Gelet op het voorgaande is geen sprake van een ongerechtvaardigde inbreuk op het recht op eigendom.
Slotsom
4.29.
De ontvankelijke vorderingen van [eiser] c.s. zullen worden afgewezen. [eiser] c.s. is in het ongelijk gesteld en moet daarom de proceskosten (inclusief nakosten) betalen. De proceskosten van de Staat worden begroot op:
- griffierecht € 676
- salaris advocaat € 2.456 (4 punten à € 614, volgens tarief II)
- nakosten
€ 178(plus de verhoging zoals vermeld in de beslissing)
Totaal € 3.310
4.30.
De gevorderde wettelijke rente over de proceskosten wordt toegewezen zoals vermeld in de beslissing.

5.De beslissing

De rechtbank:
5.1.
verklaart de Esigbond en Mini Vape niet-ontvankelijk in hun vorderingen;
5.2.
wijst voor het overige de vorderingen af;
5.3.
veroordeelt [eiser] c.s. in de kosten van dit geding, tot op heden aan de zijde van de Staat begroot op € 3.310, te betalen binnen veertien dagen na aanschrijving daartoe; wordt bij niet-betaling het vonnis daarna betekend, dan moet [eiser] c.s. € 92 extra betalen, plus de kosten van betekening, te vermeerderen met de wettelijke rente over de proceskosten als deze niet binnen veertien dagen na aanschrijving zijn voldaan;
5.4.
verklaart de onder 5.3 opgenomen kostenveroordeling uitvoerbaar bij voorraad.
Dit vonnis is gewezen door mr. I.A.M. Kroft, mr. B.A. Sturm en mr.

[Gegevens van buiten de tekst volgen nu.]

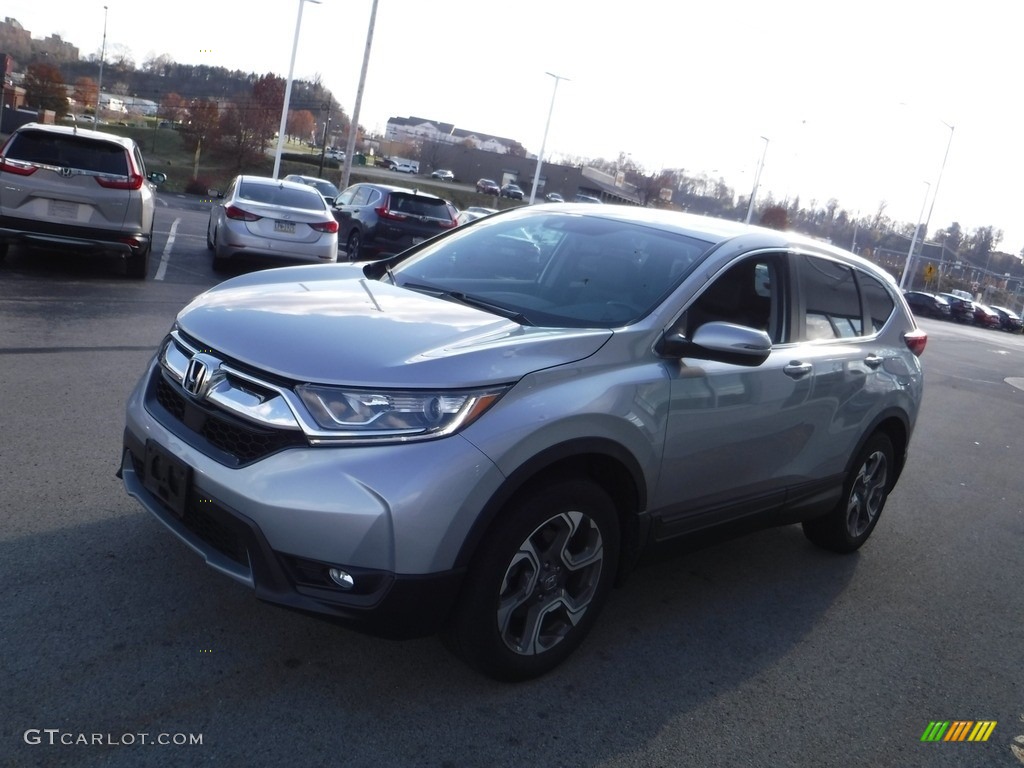 2018 CR-V EX-L AWD - Lunar Silver Metallic / Black photo #6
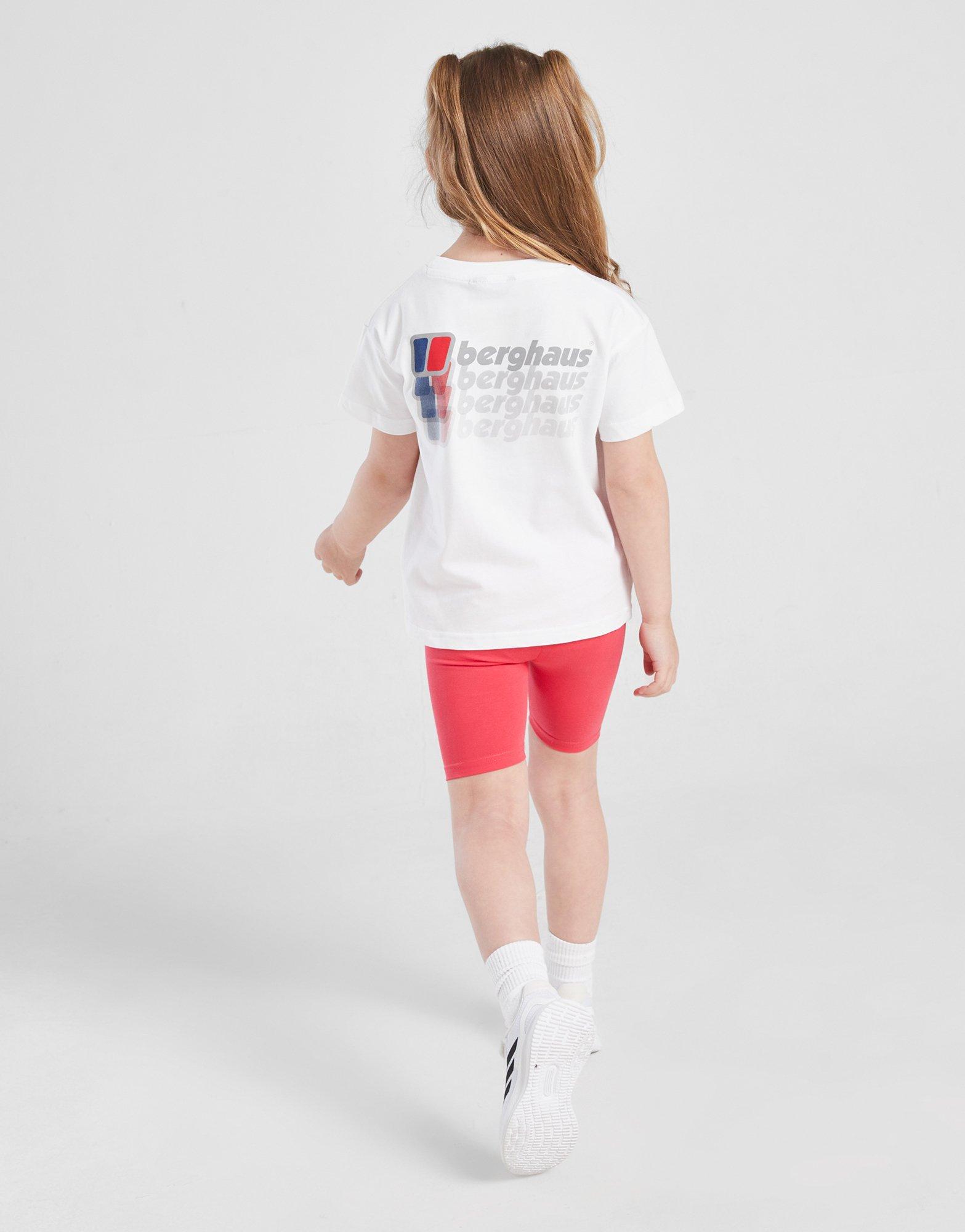 Berghaus Girls\' Stack T-Shirt/Shorts Set Children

J.J. Kuipers en in het openbaar uitgesproken op 22 oktober 2025.

Voetnoten

1.Richtlijn 2014/40/EU van het Europese Parlement en de Raad van 3 april 2014 betreffende de onderlinge aanpassing van wettelijke en bestuursrechtelijke bepalingen van de lidstaten inzake de productie, presentatie en verkoop van tabaks- en aanverwante producten en tot intrekking van Richtlijn 2001/37/EG, PbEU van 29 april 2024, L 127.
2.Impact of electronic cigarette usage on the onset of respiratory symptoms and COPD among Chinese adults, Song e.a., 7 maart 2024; Population-based disease odds of e-cigarettes and dual use versus cigarettes, Glantz e.a., 27 februari 2024; en Local and systematic effects in e-cigarette users compared to cigarette smokers, duals users and non-smokers, Sompa e.a., 4 juni 2025.
3.Productie 5 en 6 van de Staat.
4.Hooking the next generation: how the tobacco industry captures young customers, 23 mei 2024.
5.Adolescent and young adult response to hypothetical e-liquid flavor restrictions, Sidhu, Lechner e.a., maart 2023.
6.A comprehensive evaluation of an e-cigarette flavor ban on consumer behavior and purchasing, Hellmich e.a., juni 2025.